> [WORK ORDER]: Exclude the pictures, then copy all remaining records exactly.

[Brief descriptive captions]
┌──

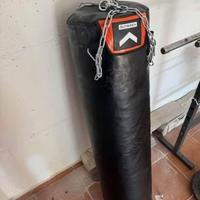 Sacco da boce outshock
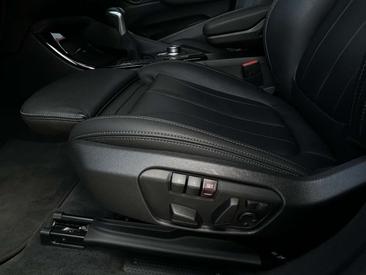 BMW X2 XDrive25e — photo 27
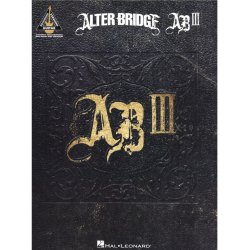Alter Bridge: AB III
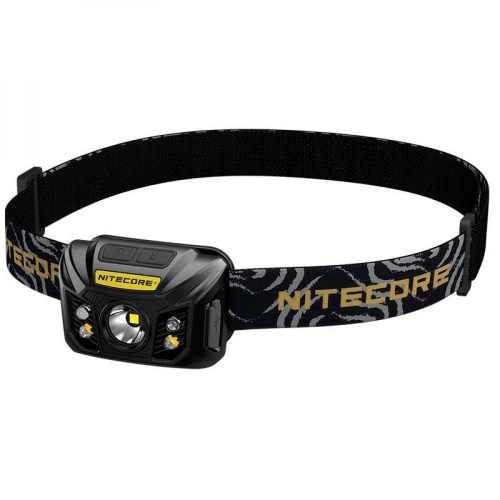 Фонарь NU32 Cree XP-G2 S3 LED Black 550люмен 330ч 121м З/У USB АКБ Li-ion 3.7v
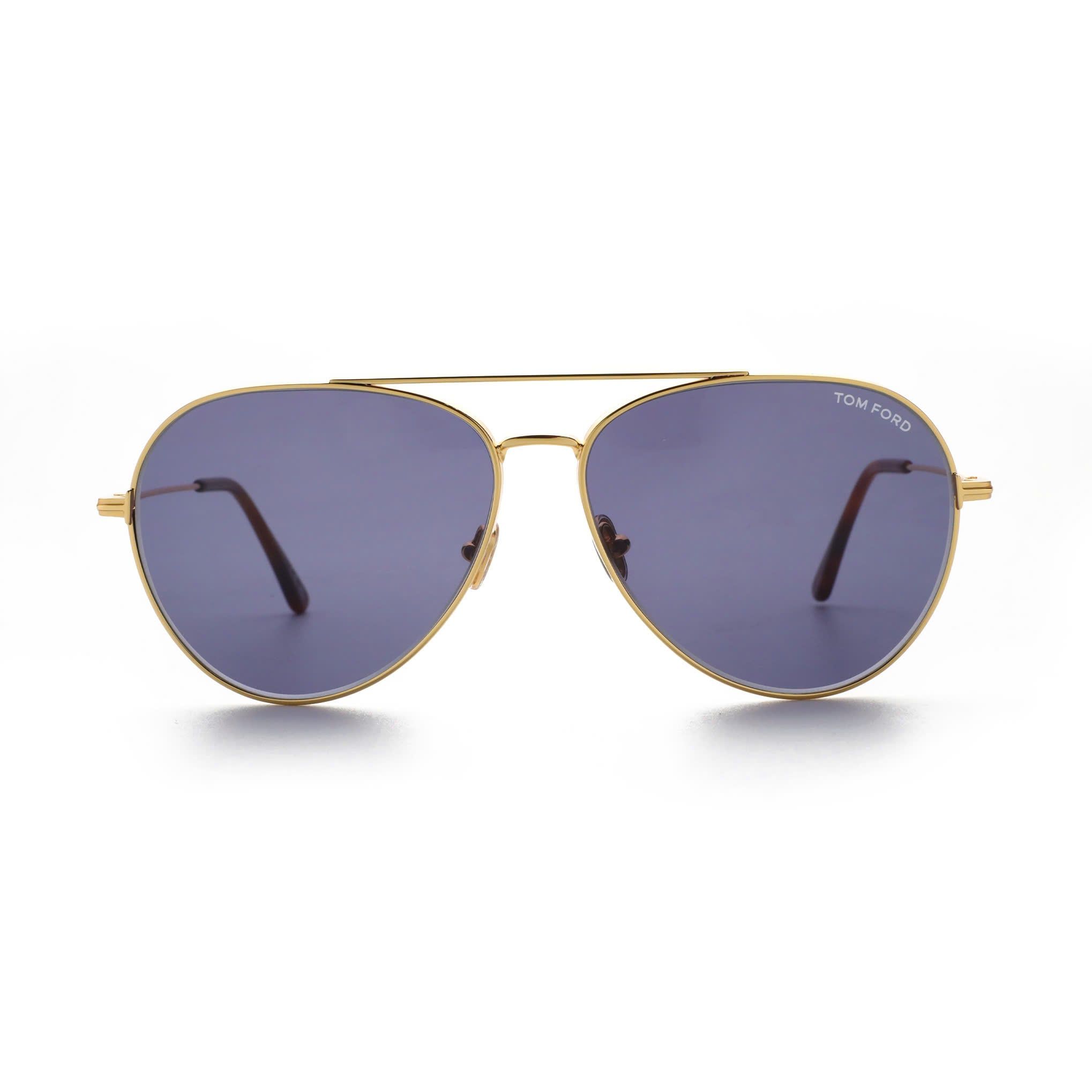  Kính mát Tom Ford TF996_62_30V Chính hãng 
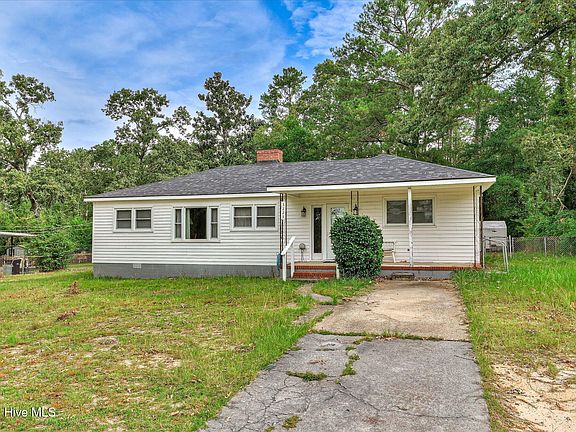3rd image of 3223 Ware Road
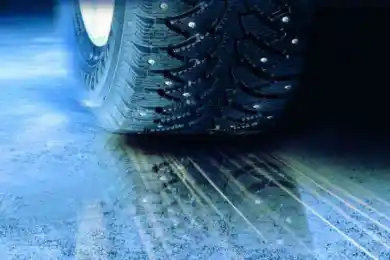 Жителей столицы предупредили: ожидается обильный снегопад и похолодание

└──

> [ANSWER FOR THIS EXERCISE]:
 Sacco da boce outshock
 BMW X2 XDrive25e — photo 27
Alter Bridge: AB III
 Фонарь NU32 Cree XP-G2 S3 LED Black 550люмен 330ч 121м З/У USB АКБ Li-ion 3.7v
  Kính mát Tom Ford TF996_62_30V Chính hãng 
3rd image of 3223 Ware Road
 Жителей столицы предупредили: ожидается обильный снегопад и похолодание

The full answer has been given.